» **STORED DATA**
======
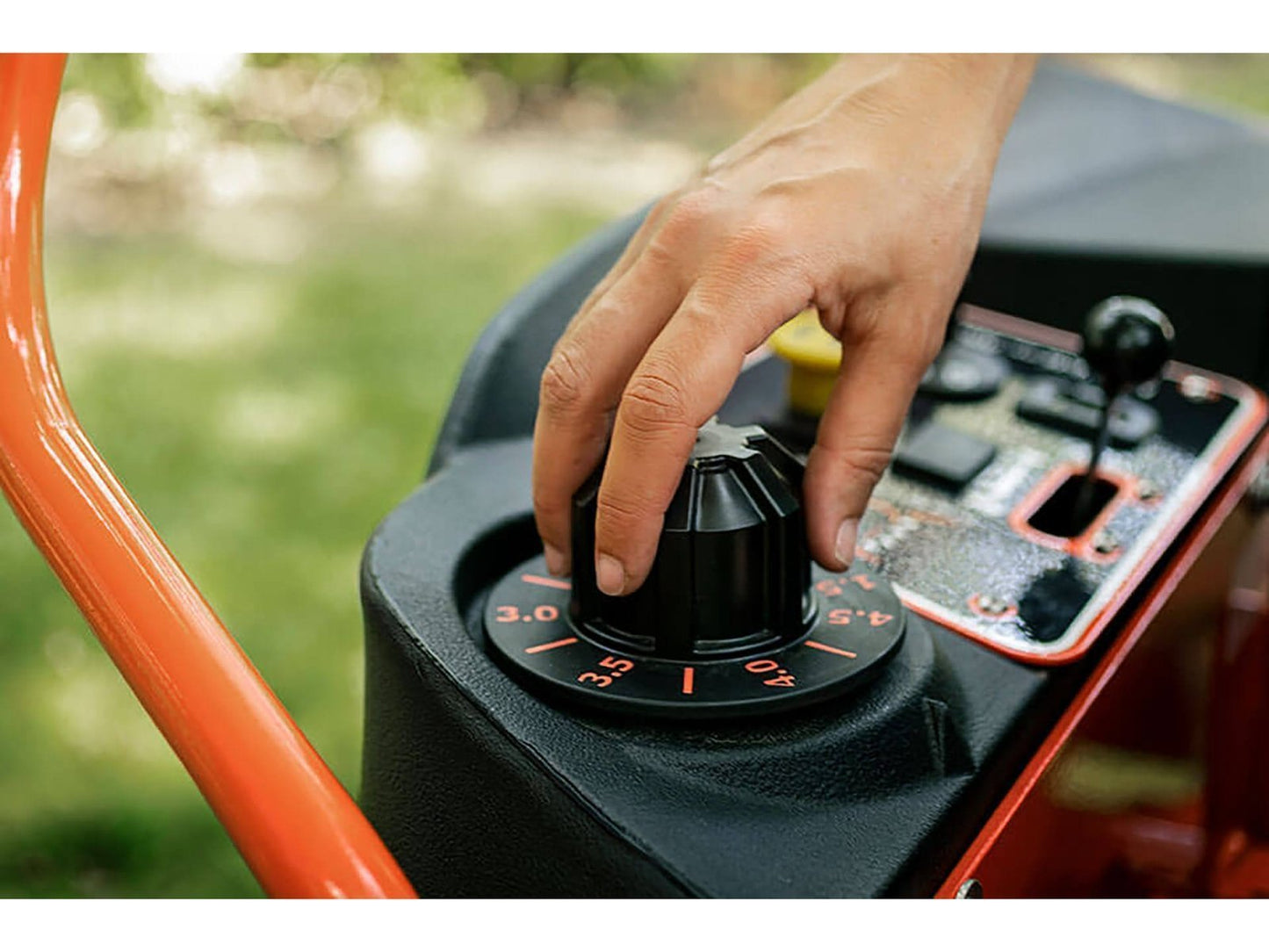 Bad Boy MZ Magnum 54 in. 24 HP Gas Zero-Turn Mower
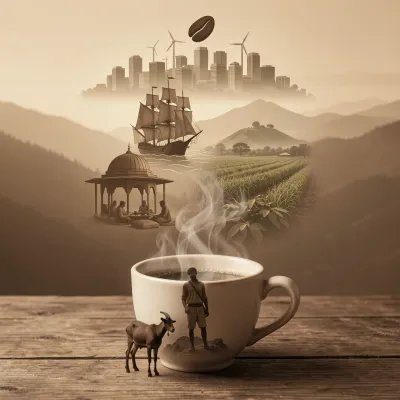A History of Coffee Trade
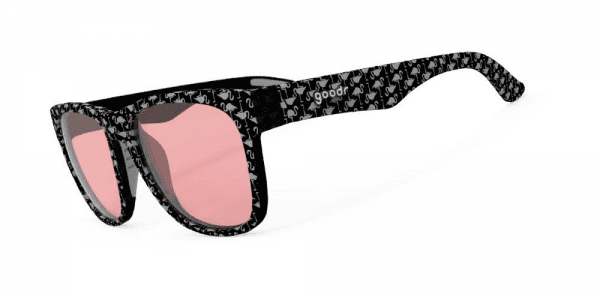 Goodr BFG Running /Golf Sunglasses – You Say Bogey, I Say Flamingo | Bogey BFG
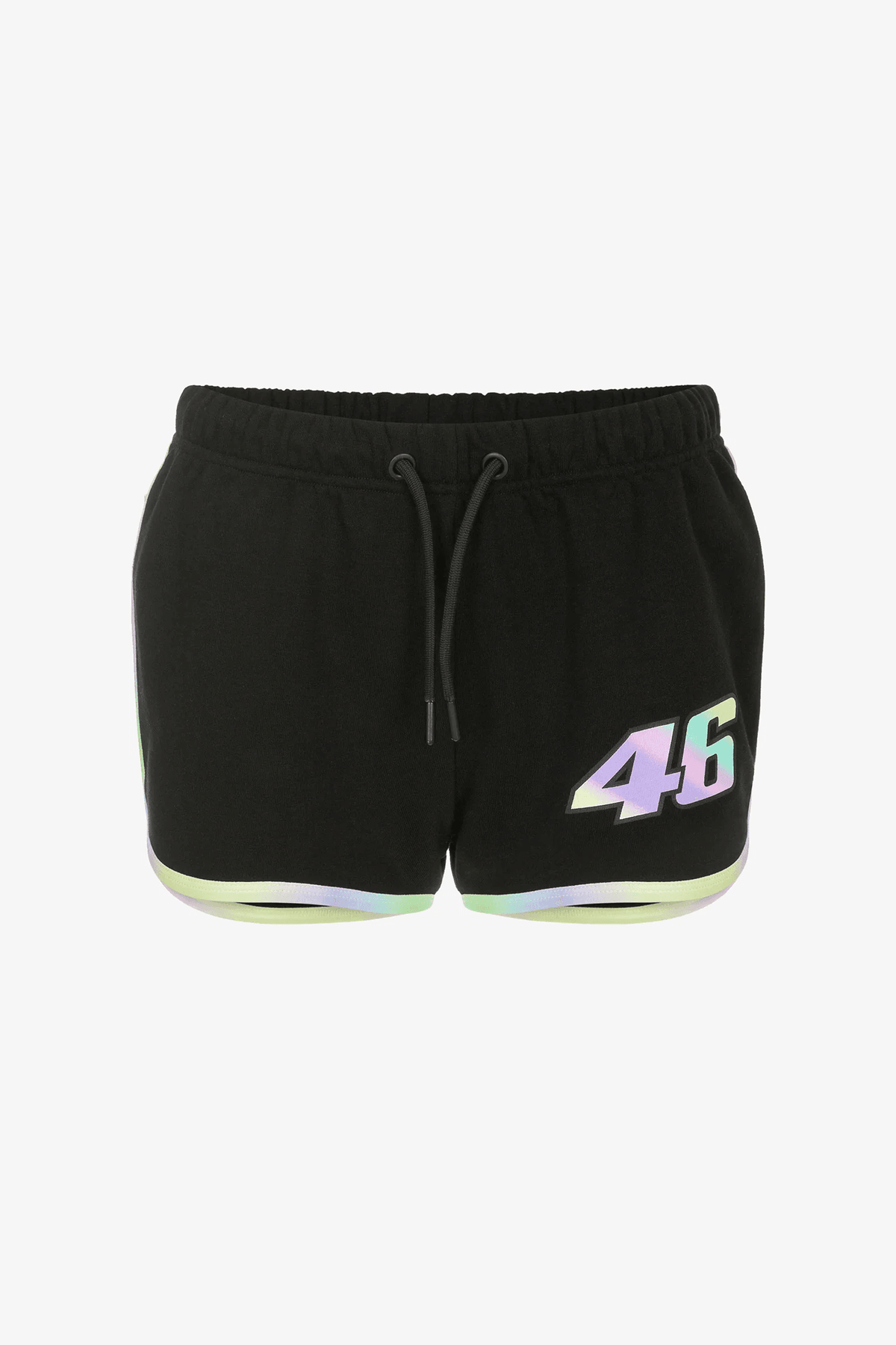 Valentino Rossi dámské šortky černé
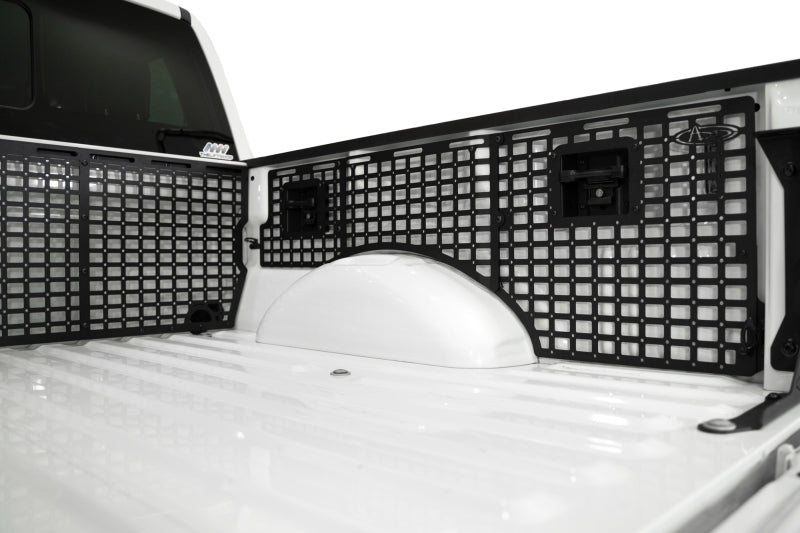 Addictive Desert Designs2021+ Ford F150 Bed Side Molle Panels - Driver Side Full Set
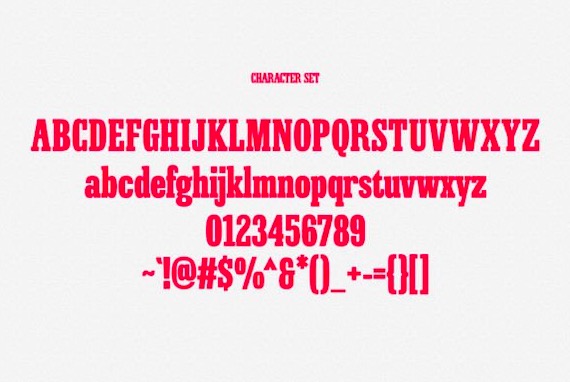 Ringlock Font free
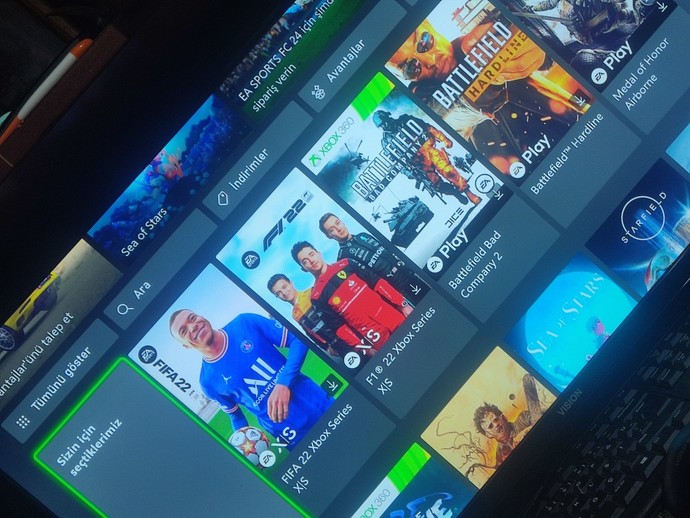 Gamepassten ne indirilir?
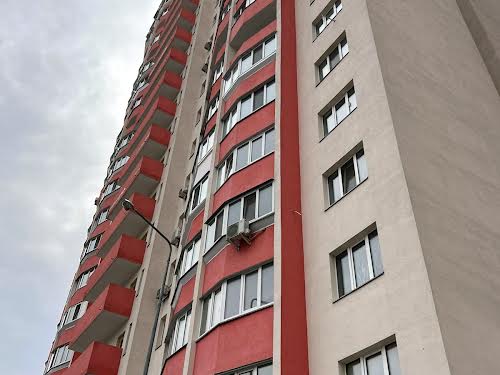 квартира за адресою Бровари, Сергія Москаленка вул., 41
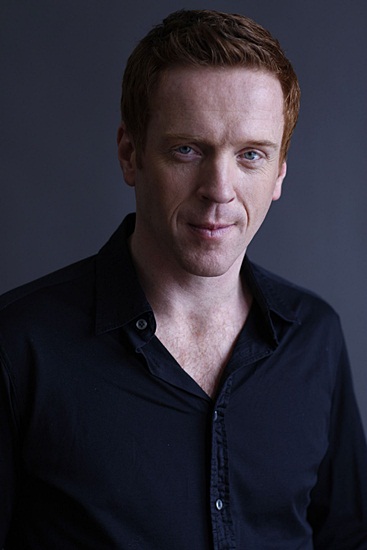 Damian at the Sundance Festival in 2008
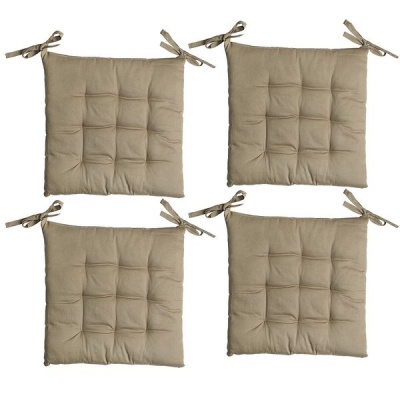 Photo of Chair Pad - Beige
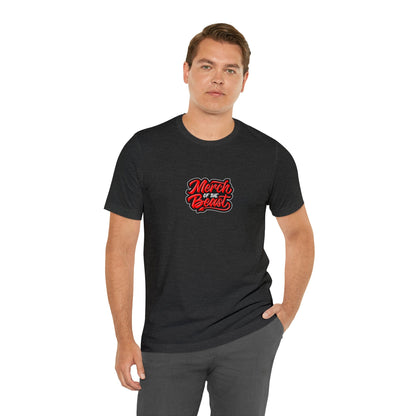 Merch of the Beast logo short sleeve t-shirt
======
» **WHAT THE TASK REQUIRES**
Repeat the line that contains "Damian at the Sundance Festival in 2008" and each line after it, through the last line of the listing, exactly and alone; pictures stay out of the repeat.

» **EXPECTED ANSWER**
 Damian at the Sundance Festival in 2008
 Photo of Chair Pad - Beige
 Merch of the Beast logo short sleeve t-shirt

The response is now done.